Realistic Tasks: A Contractor-Generated Data Set
The core of OpenAI’s approach involves contracting individuals to produce authentic, work-related documents and materials. Instead of simply summarizing their previous jobs, contractors are asked to provide concrete examples – such as Word documents, PDFs, PowerPoint presentations, Excel spreadsheets, images, or code repositories – demonstrating their skills and capabilities. This process is further supported by presentation notes illustrating realistic scenarios, and even fabricated work examples designed to test and demonstrate AI model responses. OpenAI and Handshake AI declined to offer direct comment on the initiative, further adding to the mystery surrounding the project’s scope and objectives.

Specific Example: The Luxury Yacht Trip Scenario
A concrete example of this process emerged during a presentation, showcasing a task assigned to a “Senior Lifestyle Manager at a luxury concierge company for ultra-high-net-worth individuals.” The task involved preparing a short, 2-page PDF draft of a 7-day yacht trip overview to the Bahamas for a family traveling there for the first time. The "experienced human deliverable" presented – a genuine Bahamas itinerary created for a client – demonstrated the contractor’s skills and provided valuable training data. Importantly, OpenAI explicitly instructs contractors to delete all corporate intellectual property and personally identifiable information from uploaded files, adding another layer of security and control.

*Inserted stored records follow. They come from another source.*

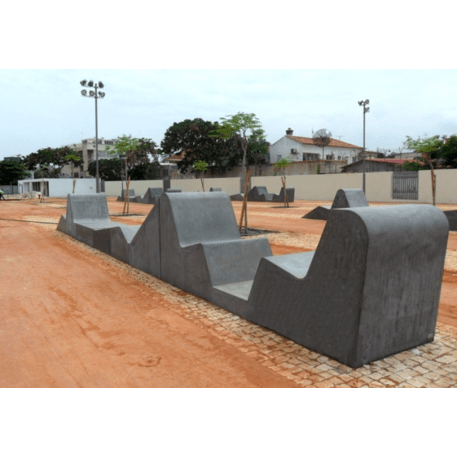 Betonbank 'SocialPlay / Relax and Socialize'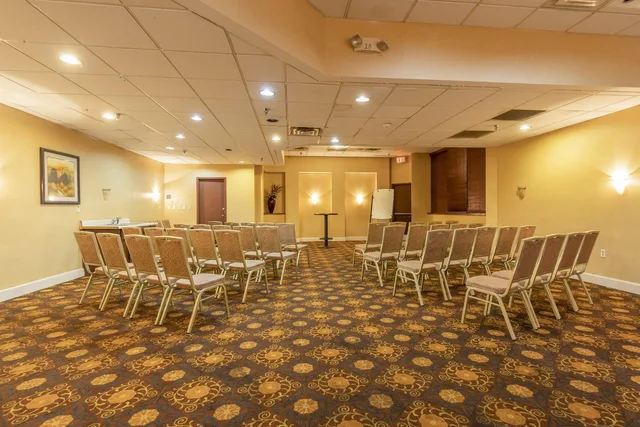 غرفة بسريرين مزدوجين، Gardentree Hotels Memphis East near I 40 2/2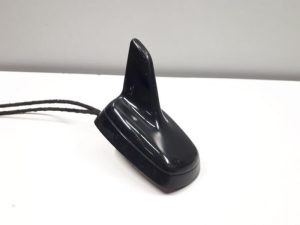 20555124 – 8J8035503A1P9 – GPS antenna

Risk Mitigation: Legal Concerns and Data Scrubbing
Legal experts, such as Brown, an intellectual property lawyer with Neal & McDevitt, warn of potential trade secret misappropriation claims. AI labs receiving confidential information from contractors on a large scale face substantial legal risks. Contractors who provide documents—even those that have been scrubbed—from their previous workplaces risk violating nondisclosure agreements or exposing trade secrets. “The AI lab is putting a lot of trust in its contractors to decide what is and isn’t confidential,” Brown explains. “And if they do let something slip through, are the AI labs truly taking the time to determine what constitutes a trade secret? It seems to me that the AI lab is placing itself at significant risk.” The use of a ChatGPT tool, “Superstar Scrubbing,” highlights the effort being put into removing sensitive information before it’s submitted.

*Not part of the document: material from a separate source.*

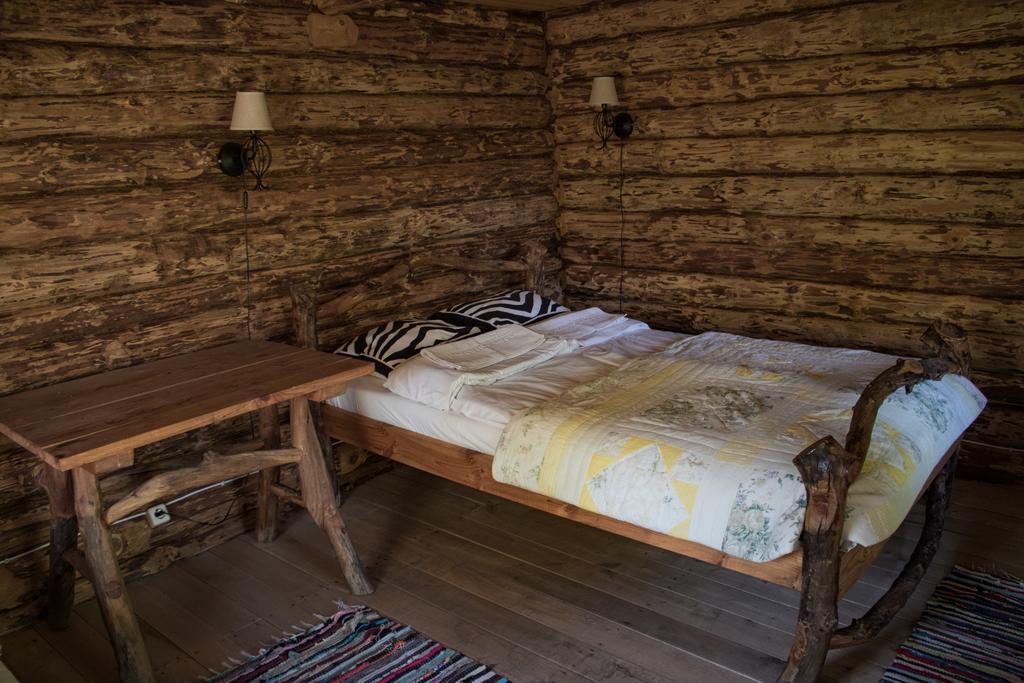 Villa Kuusetuka Tourism Farm à Pahkla Extérieur photo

A Growing Industry and the Importance of Data Acquisition
AI labs are increasingly reliant on third-party contracting firms, such as Surge, Mercor, and Scale AI, to manage networks of data contractors, a trend driven by the need for higher-quality data to improve their models. This has spurred the growth of a lucrative sub-industry, estimated at $3.5 billion in 2022 for Handshake and reportedly valued at $25 billion during fundraising talks for Surge last summer. These firms—along with OpenAI, Anthropic, and Google—are hiring large numbers of contractors to generate training data for AI agents designed to automate enterprise tasks.

OpenAI's Data Sourcing Strategy: Direct Outreach
In exploring alternative methods for acquiring real company data, a consultant specializing in asset sales following business closures revealed to WIRED that an OpenAI representative had approached several firms regarding data acquisition. This individual, speaking on condition of anonymity to protect existing business relationships, stated that the OpenAI representative sought access to documents, emails, and other internal communications—provided that all personally identifiable information would be removed.

This article is AI-synthesized from public sources and may not reflect original reporting.